É lamentável assistir,
com incômoda sensação de impotência, a ressureição de um passado obscuro e
violento, requintado de maneira charlatanesca e (re)apresentado como solução
messiânica para os problemas do país. Problemas, diga-se de passagem, em grande
parte fruto da desinformação e da imaginação conspiratória. Igualmente
lamentável é constatar que as chances de sensibilização dos sujeitos que querem
os militares de volta são quase nulas. São forças cegas e surdas, como
abstrações erráticas, que marcham pelas ruas do Brasil, tão seguras de si
próprias que não se abrem sequer ao diálogo.
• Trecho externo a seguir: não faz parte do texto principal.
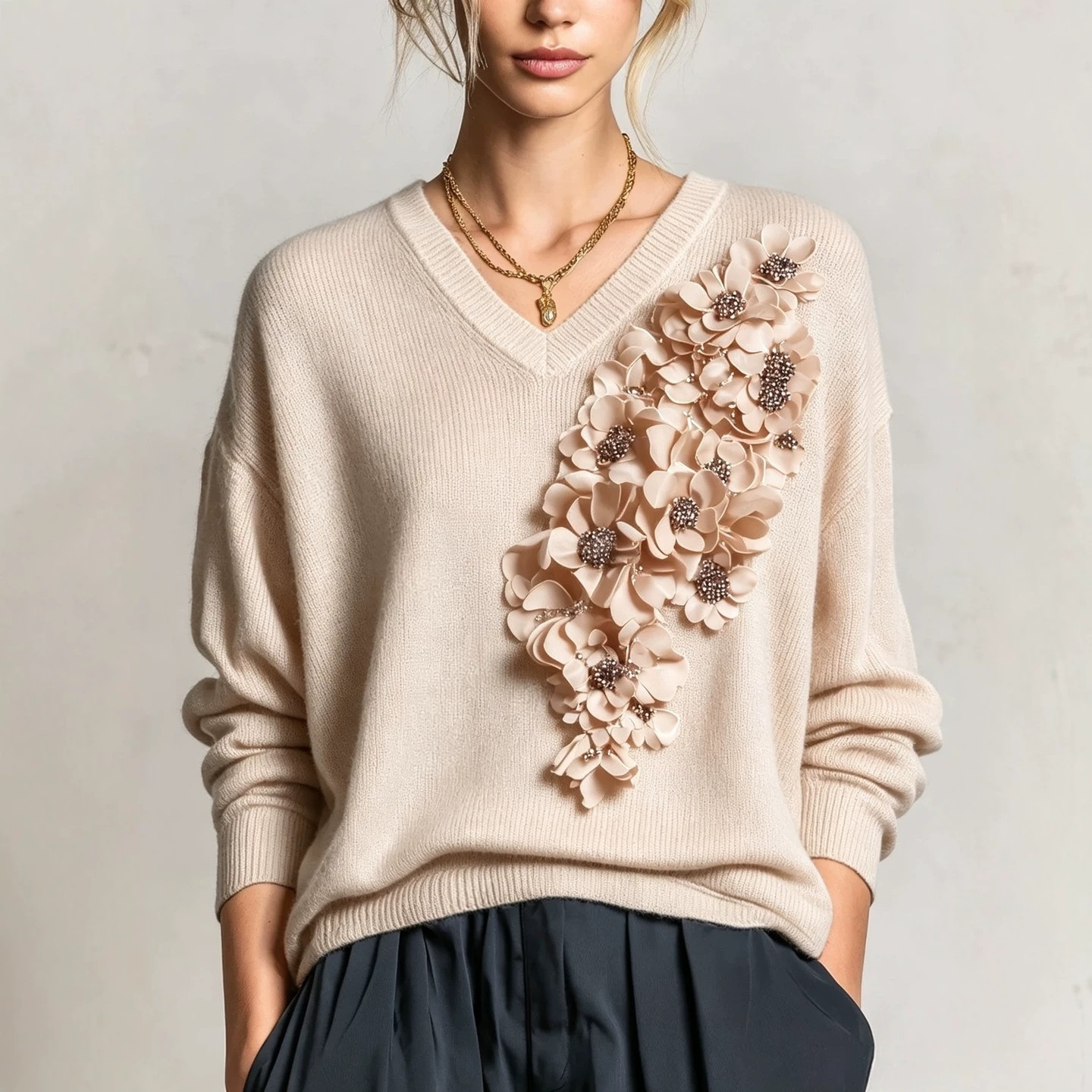 3D Floral V-Neck Knit Sweater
É impossível dialogar com
abstrações (Camus). Li na net alguns comentários referentes às matérias sobre o
livro “Infância Roubada” que são representativos e parecem traduzir
perfeitamente bem o universo mental desta parcela da população brasileira.
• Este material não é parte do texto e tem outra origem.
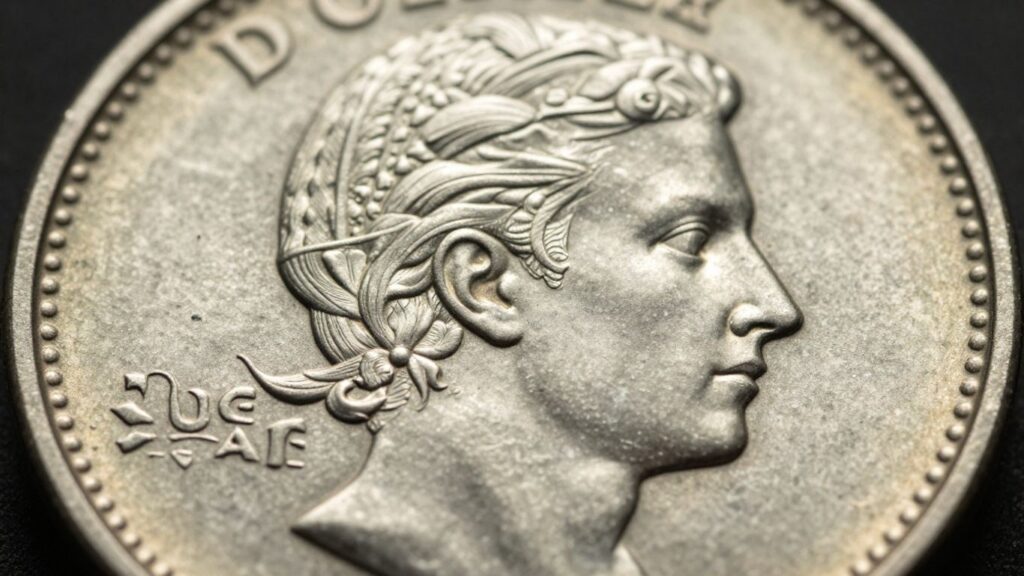 Close-up of a coin showing sharp strike details.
Alguns afirmam que tudo não passa de invenção da esquerda, e que a Comissão da
Verdade é revanchista e só investiga os militares. Outros dizem ter pena das
crianças que vivem nas ditaduras Cubana e Venezuelana, das quais o governo do
PT é cúmplice. Outros insinuam que estão
usando as crianças para atacar os militares e defender o governo Dilma. Os mais
exaltados dizem que os depoentes estão mentindo e pousando de vítimas para
conseguir uma aposentadoria do governo. Para a maioria é tudo mentira. De um
jeito ou de outro, os comentários tentam desqualificar e invalidar os
testemunhos e os trabalhos da Comissão da Verdade, vista por eles como um antro
de comunistas. Os argumentos são simplórios, as comparações são débeis, mas
eles estão aí, opinando, e expondo, em português sofrível, suas certezas
inabaláveis! Mas não é este o principal problema. Devemos estar atentos para o
uso político que certos grupos bastante articulados fazem destas manifestações fanáticas,
como se fez em 64, para avançar com teses antidemocráticas e justificar manobras
políticas oportunistas.
Mas o que mais preocupa,
como lamentou Albert Camus em 1946, é “a boa vontade de toda a gente. Todos
pensam que a verdade que possuem é a que convém à felicidade dos homens”. A
conjunção das boas vontades levou, no tempo de Camus, ao terror da segunda
guerra. A boa vontade dos militares e dos cidadãos de bem, que se diziam
defensores da família, da moral e dos bons costumes, e que queriam ver o Brasil
livre da ameaça comunista, a qualquer preço, arrastou o nosso país para uma
ditadura covarde que não poupou nem as crianças. Mas todos eram movidos pela boa
vontade. Todos queriam um Brasil melhor.
Para onde a soma das
boas vontades que explode hoje em verde e amarelo pelas ruas, com apelos
sinceros pelo retorno dos militares, vai nos conduzir? Escutem as crianças de
ontem. Elas carregam os segredos do futuro.